Material for this task START

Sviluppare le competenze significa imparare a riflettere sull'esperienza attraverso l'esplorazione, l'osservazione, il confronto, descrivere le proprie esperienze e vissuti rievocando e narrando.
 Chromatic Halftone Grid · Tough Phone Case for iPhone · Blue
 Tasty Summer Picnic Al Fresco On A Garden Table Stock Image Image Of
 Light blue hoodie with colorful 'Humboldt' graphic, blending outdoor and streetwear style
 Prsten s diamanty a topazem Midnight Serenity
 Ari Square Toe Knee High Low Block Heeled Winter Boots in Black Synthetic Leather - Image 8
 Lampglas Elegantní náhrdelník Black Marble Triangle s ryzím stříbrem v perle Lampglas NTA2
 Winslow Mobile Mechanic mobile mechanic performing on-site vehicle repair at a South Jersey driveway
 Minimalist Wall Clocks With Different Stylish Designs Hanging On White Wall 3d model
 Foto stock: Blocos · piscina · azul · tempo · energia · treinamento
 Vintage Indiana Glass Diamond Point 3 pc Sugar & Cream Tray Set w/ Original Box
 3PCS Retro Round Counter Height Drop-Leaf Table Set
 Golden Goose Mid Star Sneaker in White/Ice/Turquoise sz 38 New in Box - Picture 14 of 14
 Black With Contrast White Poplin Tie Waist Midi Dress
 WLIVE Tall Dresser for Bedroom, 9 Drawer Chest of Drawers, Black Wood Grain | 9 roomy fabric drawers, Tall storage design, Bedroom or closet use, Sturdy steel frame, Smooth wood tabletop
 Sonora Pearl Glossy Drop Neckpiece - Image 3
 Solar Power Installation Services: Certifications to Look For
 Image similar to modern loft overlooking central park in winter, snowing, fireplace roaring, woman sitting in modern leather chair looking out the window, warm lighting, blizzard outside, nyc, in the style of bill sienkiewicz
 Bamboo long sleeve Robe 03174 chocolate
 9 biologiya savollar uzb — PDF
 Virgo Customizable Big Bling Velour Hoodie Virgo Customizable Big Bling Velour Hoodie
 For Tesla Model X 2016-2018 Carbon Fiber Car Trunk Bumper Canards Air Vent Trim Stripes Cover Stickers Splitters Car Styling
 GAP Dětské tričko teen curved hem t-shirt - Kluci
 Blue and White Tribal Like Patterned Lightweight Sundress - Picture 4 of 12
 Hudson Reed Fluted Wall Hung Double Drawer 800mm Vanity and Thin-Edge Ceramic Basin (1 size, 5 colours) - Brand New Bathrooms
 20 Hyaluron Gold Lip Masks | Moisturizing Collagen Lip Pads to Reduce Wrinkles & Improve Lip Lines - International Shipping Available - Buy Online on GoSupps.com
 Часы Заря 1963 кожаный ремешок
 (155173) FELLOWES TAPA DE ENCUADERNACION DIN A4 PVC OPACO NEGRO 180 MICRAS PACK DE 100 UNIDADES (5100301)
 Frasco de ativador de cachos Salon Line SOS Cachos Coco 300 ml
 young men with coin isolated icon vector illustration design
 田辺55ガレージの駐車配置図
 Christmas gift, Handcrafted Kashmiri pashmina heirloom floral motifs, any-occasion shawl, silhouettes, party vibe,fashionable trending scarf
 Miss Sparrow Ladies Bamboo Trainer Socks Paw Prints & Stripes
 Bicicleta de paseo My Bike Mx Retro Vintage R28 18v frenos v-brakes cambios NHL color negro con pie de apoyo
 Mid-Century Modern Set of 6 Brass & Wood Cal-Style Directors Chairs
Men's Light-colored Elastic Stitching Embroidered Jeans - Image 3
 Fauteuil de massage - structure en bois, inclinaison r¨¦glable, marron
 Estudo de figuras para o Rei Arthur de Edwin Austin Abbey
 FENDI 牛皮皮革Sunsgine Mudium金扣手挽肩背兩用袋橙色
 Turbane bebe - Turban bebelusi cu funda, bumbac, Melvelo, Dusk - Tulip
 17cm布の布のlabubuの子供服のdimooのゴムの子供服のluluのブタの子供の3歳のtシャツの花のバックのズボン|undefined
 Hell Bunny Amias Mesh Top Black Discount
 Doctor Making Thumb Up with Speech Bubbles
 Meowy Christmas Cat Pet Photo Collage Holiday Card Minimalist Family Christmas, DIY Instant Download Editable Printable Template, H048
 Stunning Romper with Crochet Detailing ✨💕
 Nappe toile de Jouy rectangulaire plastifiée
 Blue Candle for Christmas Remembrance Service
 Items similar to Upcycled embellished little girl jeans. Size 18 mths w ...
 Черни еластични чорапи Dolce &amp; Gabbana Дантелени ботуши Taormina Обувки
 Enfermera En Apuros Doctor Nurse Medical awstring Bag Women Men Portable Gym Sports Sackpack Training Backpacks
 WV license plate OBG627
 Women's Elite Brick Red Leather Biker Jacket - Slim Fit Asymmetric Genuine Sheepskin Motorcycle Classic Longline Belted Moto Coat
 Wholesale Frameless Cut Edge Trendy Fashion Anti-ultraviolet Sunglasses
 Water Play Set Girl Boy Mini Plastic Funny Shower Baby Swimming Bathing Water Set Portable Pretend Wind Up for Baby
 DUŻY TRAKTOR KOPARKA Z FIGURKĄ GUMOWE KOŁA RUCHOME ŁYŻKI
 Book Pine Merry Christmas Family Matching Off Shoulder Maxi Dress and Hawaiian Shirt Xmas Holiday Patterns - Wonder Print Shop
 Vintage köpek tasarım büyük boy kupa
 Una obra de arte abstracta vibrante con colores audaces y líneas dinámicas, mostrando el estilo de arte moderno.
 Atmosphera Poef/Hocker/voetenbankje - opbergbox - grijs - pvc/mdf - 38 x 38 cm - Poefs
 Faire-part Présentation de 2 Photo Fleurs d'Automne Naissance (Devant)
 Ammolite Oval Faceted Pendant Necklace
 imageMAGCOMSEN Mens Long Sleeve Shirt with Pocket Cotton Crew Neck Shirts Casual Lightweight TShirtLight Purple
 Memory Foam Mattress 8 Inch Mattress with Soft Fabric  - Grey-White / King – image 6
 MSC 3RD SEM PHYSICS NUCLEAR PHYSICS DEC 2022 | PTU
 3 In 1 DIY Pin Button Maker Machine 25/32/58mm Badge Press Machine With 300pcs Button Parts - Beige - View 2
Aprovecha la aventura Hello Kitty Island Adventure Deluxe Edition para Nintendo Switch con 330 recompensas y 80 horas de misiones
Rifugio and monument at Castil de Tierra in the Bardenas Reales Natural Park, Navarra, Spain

Material for this task END

Task goal:
Where the line containing "Vintage köpek tasarım büyük boy kupa" appears, start copying, and go on exactly through the last line of the data.

Exercise result:
 Vintage köpek tasarım büyük boy kupa
 Una obra de arte abstracta vibrante con colores audaces y líneas dinámicas, mostrando el estilo de arte moderno.
 Atmosphera Poef/Hocker/voetenbankje - opbergbox - grijs - pvc/mdf - 38 x 38 cm - Poefs
 Faire-part Présentation de 2 Photo Fleurs d'Automne Naissance (Devant)
 Ammolite Oval Faceted Pendant Necklace
 imageMAGCOMSEN Mens Long Sleeve Shirt with Pocket Cotton Crew Neck Shirts Casual Lightweight TShirtLight Purple
 Memory Foam Mattress 8 Inch Mattress with Soft Fabric  - Grey-White / King – image 6
 MSC 3RD SEM PHYSICS NUCLEAR PHYSICS DEC 2022 | PTU
 3 In 1 DIY Pin Button Maker Machine 25/32/58mm Badge Press Machine With 300pcs Button Parts - Beige - View 2
Aprovecha la aventura Hello Kitty Island Adventure Deluxe Edition para Nintendo Switch con 330 recompensas y 80 horas de misiones
Rifugio and monument at Castil de Tierra in the Bardenas Reales Natural Park, Navarra, Spain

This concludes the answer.